While you argue and fight like any other pair of friends, you really
understand one another, and have a deep, complex and satisfying
relationship. One day, Kyla says she wants you to come and meet her
parents. She leads you through a door that mysteriously appears in
an apple tree. You find yourself in a world of tall, strangely
shaped buildings, tall strangely beautiful people and a variety of
strange plants and animals. Nothing looks right, and you
feel waaaay out of place. After having a strangely shaped
dinner with Kyla’s tall, beautiful parents, you find out that it
isn’t the 21st Century but the 37th and you’re
really on the planet Entelechia, not Earth. The world you just came
from, and in which you’ve lived all your life, was actually a
holoprogram based loosely on a 34th Century soap opera
that was vaguely set between 1900 and 2399. You were not based on
any real person, but were originally written to be someone who Kyla
could be friends with. (You could have turned out enemies.)
Kyla explains that, since her father just lost his job, they’ve had
to turn off the big holoprogram and sell the main projector. But,
since you’ve gotten to be such good friends, she’s saved her
allowance and bought a microprojector that will keep just you going
as long as she pays for the power you consume. And then she turns you
off (temporarily) so she can do her homework.
Are you real?
It’s true that you have feelings, desires, hopes and
dreams, that you have consciousness and experience yourself as
having free will, but you have all of those things because
a computer program creates them. (It does, however, create these
things by performing exactly the same functions that a human brain
would do.) You don’t have an organic body. You don’t have a
biological brain. Your program has been copied from one computer
to another several times. When the computer is turned off, you
cease to exist, and if it was erased from the computer it’s on
now, you would never exist again. Explain the best case you can
for you being real, and the best case for you not being
real. (Make sure you do not state these cases as if they are both
your personal opinion. You must indicate that these are arguments
that someone might make, and not necessarily your personal
opinion.) Decide which is the logically stronger case, and
explain why.
Specific Instructions (Added 10/11/22)
- Think about what it might mean for a
thing to be real. How are real things different from unreal
things, for instance.
- Think about things real things can
do, that unreal objects cannot do. (For instance,
ghosts cannot hurt people, because ghosts are not real.)
- Ask yourself is there's anything
you can do that an unreal object would not be able to do.

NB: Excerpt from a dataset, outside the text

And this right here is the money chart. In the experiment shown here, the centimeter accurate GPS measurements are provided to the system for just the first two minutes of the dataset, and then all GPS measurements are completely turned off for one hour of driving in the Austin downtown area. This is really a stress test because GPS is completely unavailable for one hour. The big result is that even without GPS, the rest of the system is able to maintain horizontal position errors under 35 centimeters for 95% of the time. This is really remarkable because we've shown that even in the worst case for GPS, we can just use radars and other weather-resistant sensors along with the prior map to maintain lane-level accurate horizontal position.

- Think about reasons someone might
give to argue that you are real.
- Think about reasons someone might
give to argue that you are not real.
- Logically analyze and critique all
of those arguments.
- If there's an argument that doesn't
fail, that's your nonfail argument.
- All the arguments that failed are
your fail arguments.
- Write a paper in which the conclusion of your nonfail
argument is your thesis.
- In that paper, explain your nonfail
argument in detail
- In that paper, explain at
least one fail argument, and explain how it failed in
your prewriting logical analysis.
- If you have any
further thoughts or comments on the topic, add these new ideas
to the end of your paper.
Some Important Points
DO NOT ASSUME THAT BEING A HOLOGRAM MEANS
YOU CAN'T BE REAL.
If you find yourself thinking something like "so am I really
a hologram?" or "I'll only be real if it turns out I'm not really a
hologram" or "okay, holograms aren't real, so that means I'm not
real," snap out of it! Slap yourself up the side of the head and
stop thinking that way! You're a hologram! That's it! And it doesn't
automatically mean you're not real! If you think it does, then
you've got to come up with an argument to the effect that
a thinking, feeling, self-willed being can't be real
merely because that being is instanciated by means of a hologram.
Don't attempt this topic unless you can accept at least the possibility
that the meaning of the word "real" doesn't automatically
include the meaning of "not a hologram." If you want to argue that
being a hologram makes you not real, then you will sooner or later
have to come up with reasons why being a hologram makes you
not real. Saying "I'm not real because holograms aren't real" won't
cut it unless you can eventually come up with a reason why we should
define the word "real" in such a way that it excludes holographic
persons. If you can't, you should say so.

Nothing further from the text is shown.